§ AVAILABLE DATA:
[Start of section]

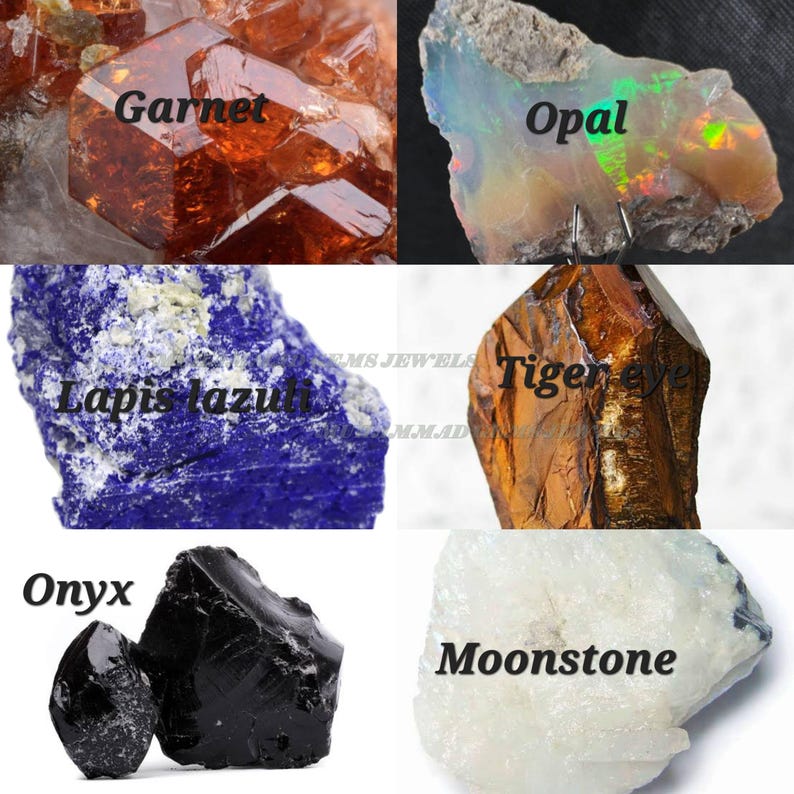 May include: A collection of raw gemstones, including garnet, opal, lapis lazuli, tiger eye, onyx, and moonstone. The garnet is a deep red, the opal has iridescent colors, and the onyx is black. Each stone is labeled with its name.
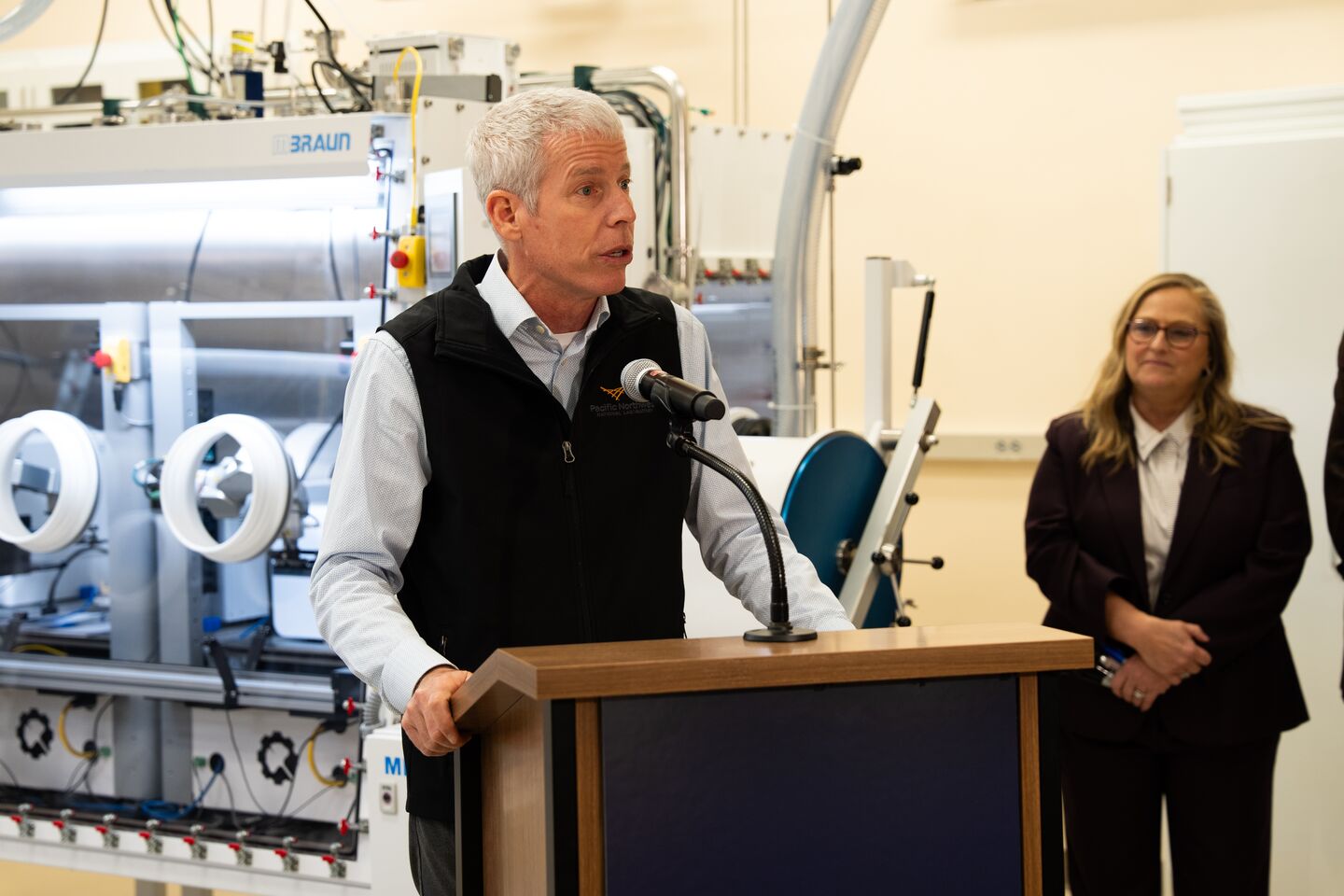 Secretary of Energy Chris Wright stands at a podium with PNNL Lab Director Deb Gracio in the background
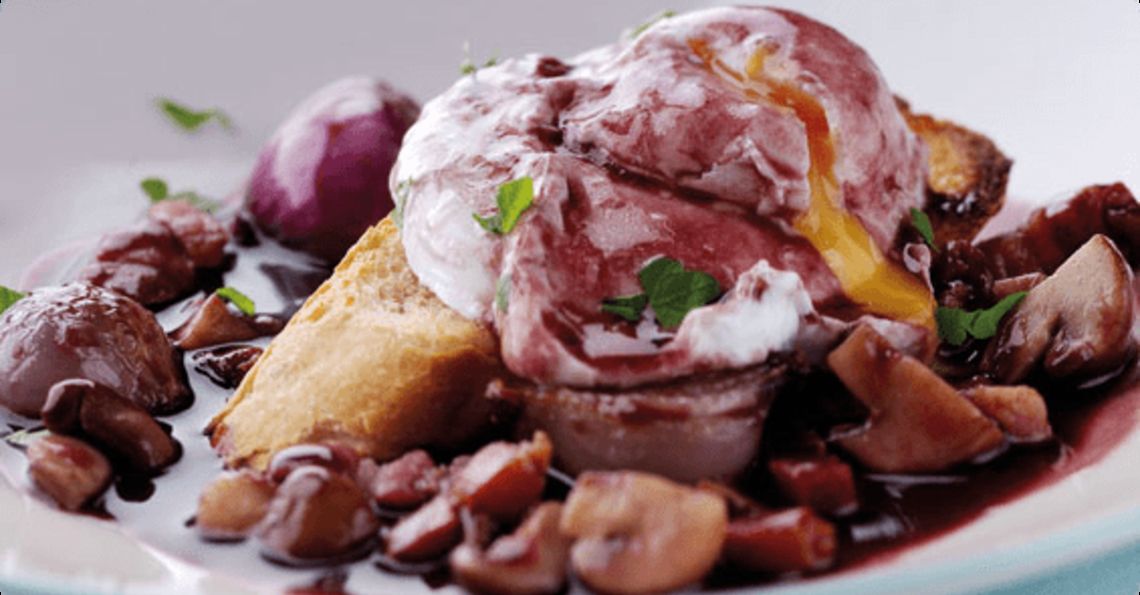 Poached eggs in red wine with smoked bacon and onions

[End of section]

§ YOUR OBJECTIVE: Write the full listing out again with every line unchanged, but include no pictures.

§ SOLUTION:
 May include: A collection of raw gemstones, including garnet, opal, lapis lazuli, tiger eye, onyx, and moonstone. The garnet is a deep red, the opal has iridescent colors, and the onyx is black. Each stone is labeled with its name.
 Secretary of Energy Chris Wright stands at a podium with PNNL Lab Director Deb Gracio in the background
 Poached eggs in red wine with smoked bacon and onions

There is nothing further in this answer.